Adam Kirsch Talks About Arthur Miller


Adam Kirsch Talks About Arthur Miller


R.E. Prindle


     For whatever reason Adam Kirsch of Tablet Ezine chose to write a very long discussion of Arthur Miller.  Although one of the least talented writers ever, Arthur Miller enjoys an enormous reputation.  Kirsh titles his essay:  Disconcerting Wipeout: How Marrying Marilyn Monroe Ruined Arthur Miller’s Genius.

     I maintain that Miller had no genius.  His entire reputation rests on a mediocre play.   Death Of A Salesman.  I was in neither the right place or time to see the play for its 1949 debut.  I could swear I saw a 1954 TV version.  I can even see myself sitting on the davenport.  But according to the internet the first TV production was 1966.  In any event Lee J. Cobb recapitulated his stage role.  The content of the play made no impression on me.  I remember only one scene where a sullen, vicious looking Cobb sat in his kitchen while his two dorky sons hovered around him.  I kept thinking, why is this guy so angry.

     Since then however I did a study on Miller a few years ago in which I read the play two or three times although I didn’t see it.  Kirsch mentions Miller’s earlier play All My Sons as worthwhile but I found it too amateurish for words.  Miller’s only other actual claim to fame is his play The Crucible.  That received a very mixed reception at the time.  Excise Salesman from Miller’s corpus and you’ve got nothing left to base a reputation on.

     At the time Miller married Monroe he was already intellectually bankrupt.  He’d played his hand.  Kirsch does a good enough job on Miller’s bio so I only wish to say a few words on the origins of Salesman.  Regardless of what Miller says he was very involved with Communism.  He accepted much largesse from the Party.    The Party also made sure his plays were produced.  One movie and one play are the inspiration for Salesman.

     The movie  is Fritz Lang’s The Testament Of Dr. Mabuse.  This movie made a tremendous impression on Miller as, indeed, it has on me.  The movie was made in two versions in 1932, one in German and one in French.  These are two distinct films with both different and overlapping casts.  Goebbels outlawed the German version because of its subversity, although probably the movie actually represents what was going on at the time.  The French version was smuggled out of Germany and then in 1943 smuggled out of France into the US.  Miller saw it at that time and was knocked off his feet.  He got the coded message.  If he wasn’t already he became subversive.  I also saw the French version first and reacted as had Miller.  Interestingly our memories distorted the picture, falsifying it in almost the same way.

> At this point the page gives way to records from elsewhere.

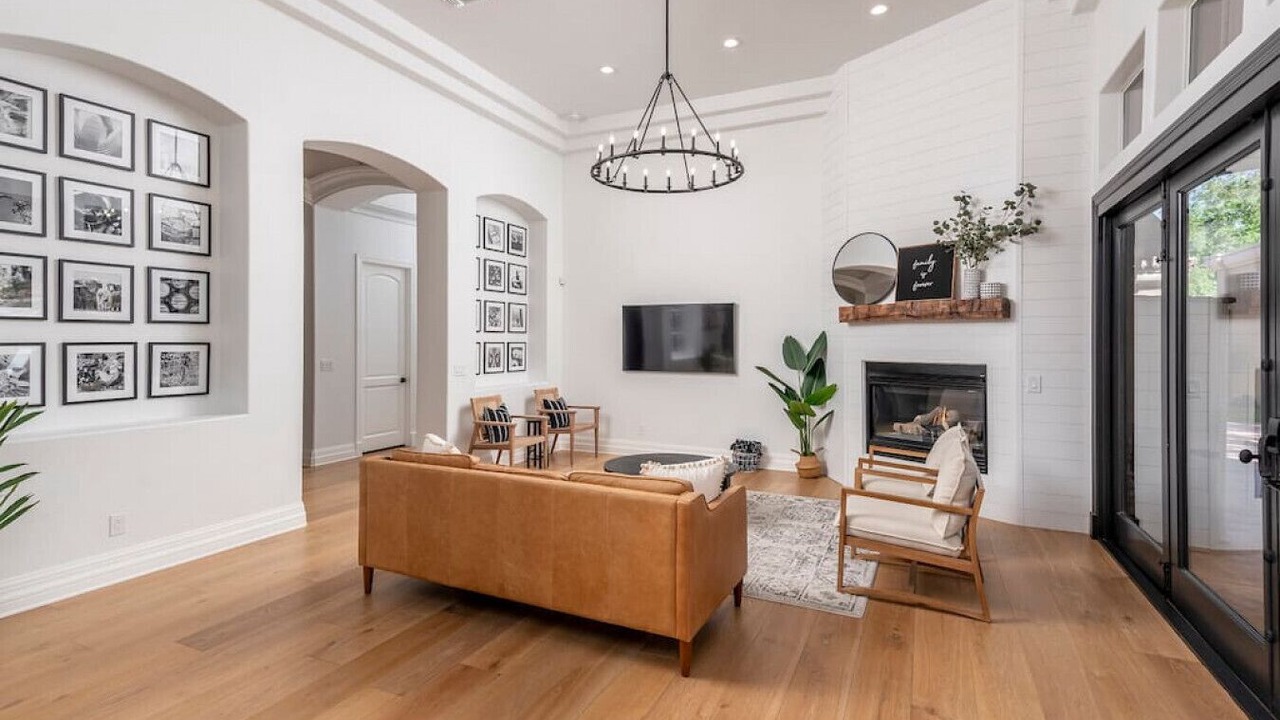 Photo of Livingroom in Paradise Valley Village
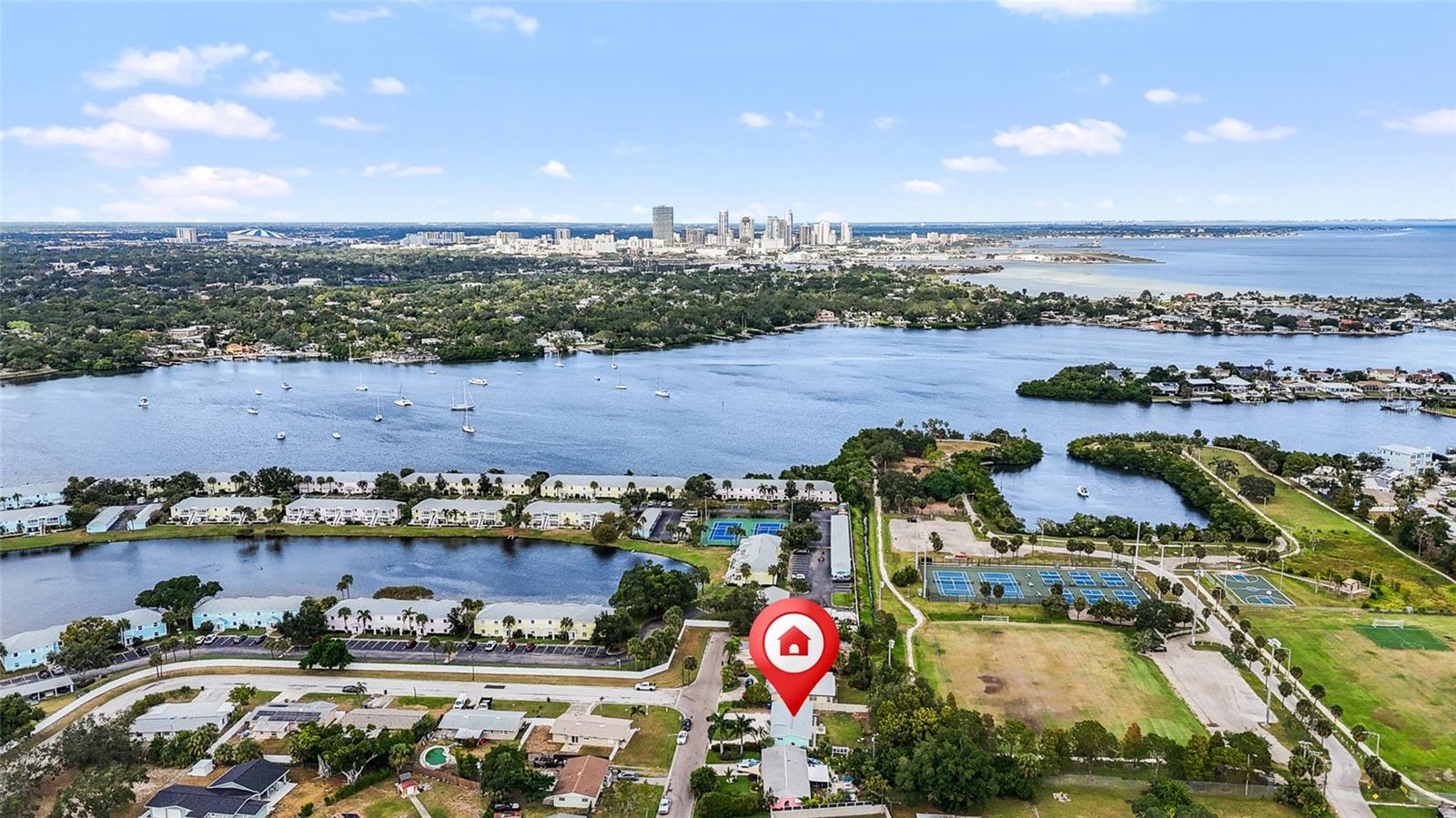 Image 41 of 44 For 3700 Whiting Drive Se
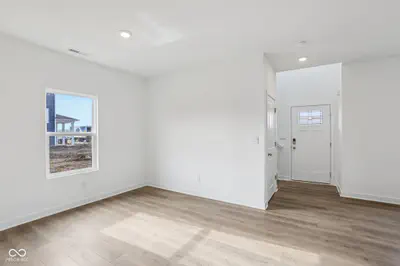 199 Springfield Crossing, Greenfield - 13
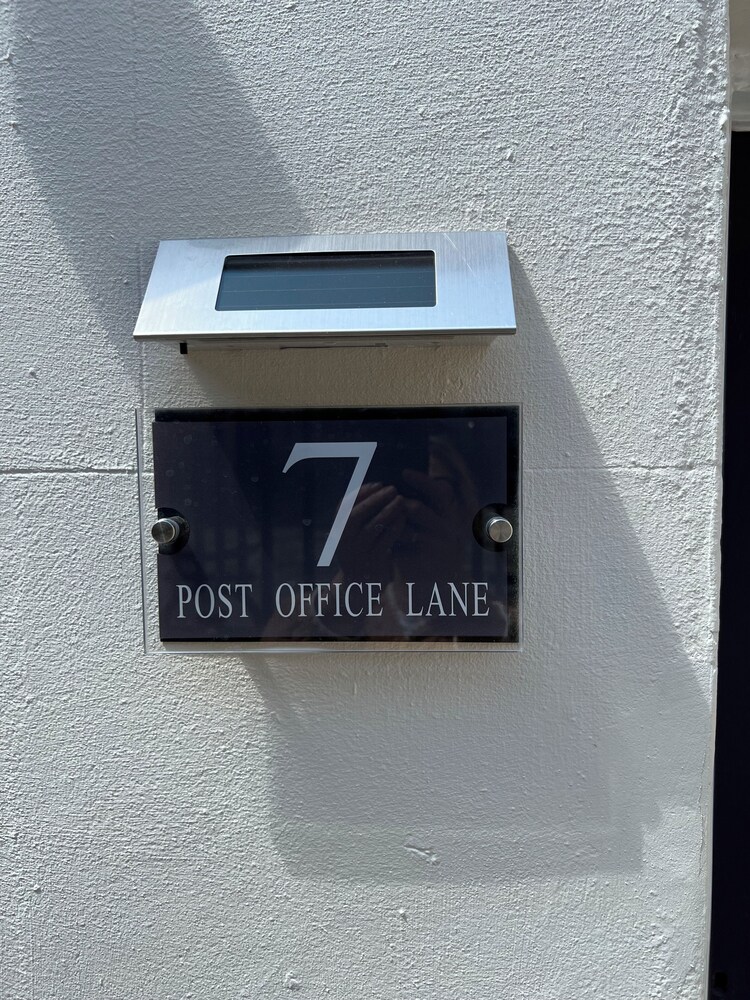 Stunning 1BR Apt in Central Cheltenham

     Miller also saw either an edited version of the German film sometime around 1950 and possibly the reconstituted German film before he wrote his autobiography ‘Timebends.’  Tells the whole story.  This was an important film for him.  His memory collated the two movies replacing the French actors of 1943 with the German actors.  He still misinterpreted the film.  At any rate he stumbled out of the theatre as though he had been present at the second coming.

     Mabuse, a great film, forms the first component of Salesman.  The second is the play by Eugene O’Neill:  The Iceman  Cometh.  Miller was present at one of the first performances.  Unlike critics and audience Miller immediately recognized the play as a work of genius which it is.  Most of O’Neill is scarcely worth watching but Iceman is a stunning achievement.  Here is Willie Loman presented whole and entire in the lead character Hicky Hickman.  I”m sure that Salesman presented itself to Miller in its entirety on the spot.  At any rate he soon went to work on the play.  Salesman cannot hold a candle to The Iceman Cometh yet the former is lauded while the latter is seldom mentioned.  Miller is a midget to O’ Neill’s giant.  Such is the way of the world.

     The Testament Of Dr. Mabuse is available on DVD as a single unit with the French version on one side and the German on the other.  The Iceman Cometh is available on DVD also.  I recommend the Lee Marvin production.  Very powerful, superbly done.  Marvin captures the essence of the character better than anyone else.  I usually watch both films at least once a year.

      A word of warning:  If you’re a Walt Disney type movie lover I would recommend Snow White And The Seven Dwarfs instead.